Tous les noms et personnages ci-dessous sont fictifs. Toute ressemblance avec des faits et personnes existantes ne serait que pure coïncidence.


Chapitre 1 : chantage


Bonjour, Je m’appelle Sarah. Jeune femme aujourd’hui de 30 ans, bien proportionnée avec de « jolies formes », j’ai aujourd’hui une vie bien réglée mais à un moment de ma vie j’ai vécu l’enfer.

    Fille de la DDASS, élevée chez les bonnes sœurs, dans un couvent. J’en sortis à 18 ans. Seule et livrée à moi-même, je devais rapidement trouver du boulot. Après plusieurs mois, Je réussi à trouver une place de caissière dans une grande surface franchisée de la région. J’arrivais donc le lundi matin à 7 heures, pour rencontrer le patron avant de prendre mon service. On m’indiqua où était son bureau et une fois entré, je me retrouvais devant lui : Une espèce de gros porc affalé dans son fauteuil en cuir, la cinquantaine bien passée, 150Kg facile, avec un double menton (si ce n’est pas triple), costume noire, chemise blanche, cravate bleu foncée rayée de liserais gris clair. Il cachait son regard un brun pervers derrière de fines lunettes.


— Bonjour monsieur

— Bonjour Mademoiselle me dit-il avec un sourire malicieux tout en me scrutant de haut en bas.

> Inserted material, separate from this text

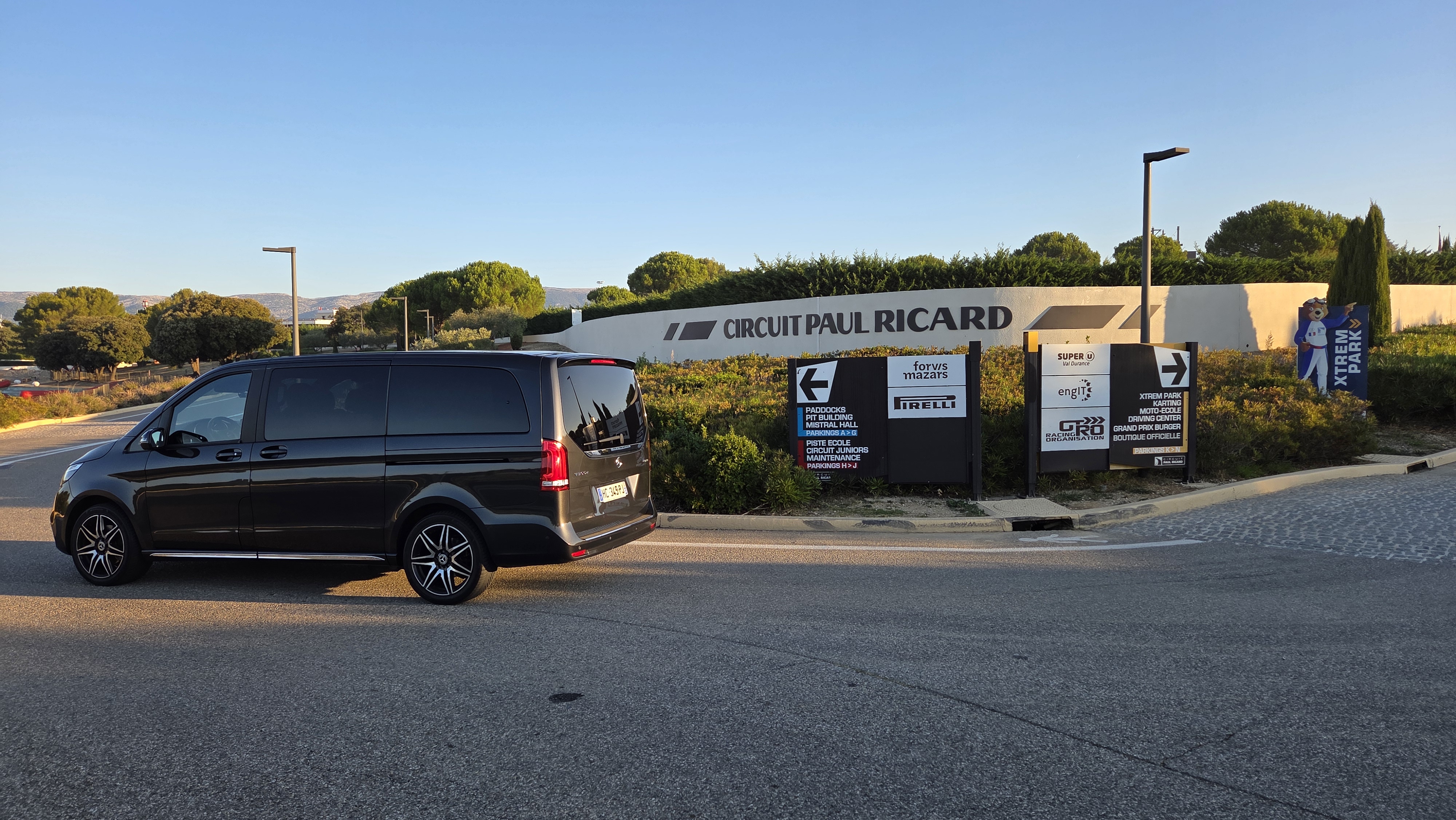 Conduire l’excellence : stage et validation par diplôme de pilotage pour chauffeurs d’autorités et de hautes personnalités VIP .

— Je suis la nouvelle caissière.

— Oui je suis au courant. Cette semaine Je vous mets en binôme avec Roseline, celle qui vous a ouvert la porte ce matin. Elle vous expliquera tout ce que vous avez à savoir. Vous repasserez me voir ce soir une fois votre service terminé pour les formalités administratives.

— Bien monsieur. A ce soir alors.


    Je sortais du bureau et je l’aperçu dans son reflet sur la fenêtre se pencher pour regarder mes fesses. Jusque là tout ce passait bien, ma collègue était très claire. Aucun problème à déclarer. Je me rendis donc dans le bureau du patron après mon service.


— Ah Mademoiselle … Sarah, je vous attendais.

— Donc vous vouliez me voir ?

— Oui déjà pour signer votre contrat de travail que voila. Prenez le temps de le lire.

— Merci.

— Alors, Cette 1ère journée ? ça c’est bien passé ?

— Oui très bien

— Parfait. Là vous commencez comme caissière mais vous devez savoir que vous pouvez évoluer dans la franchise.

— C’est-à-dire ?

— Et bien il y a d’abord divers concours internes de la maison mère. Et puis, Avec du temps et de la persévérance vous pouvez aussi monter en compétence au sein même du magasin.

— Intéressant.

— Ça dépend surtout de votre assiduité dans le travail.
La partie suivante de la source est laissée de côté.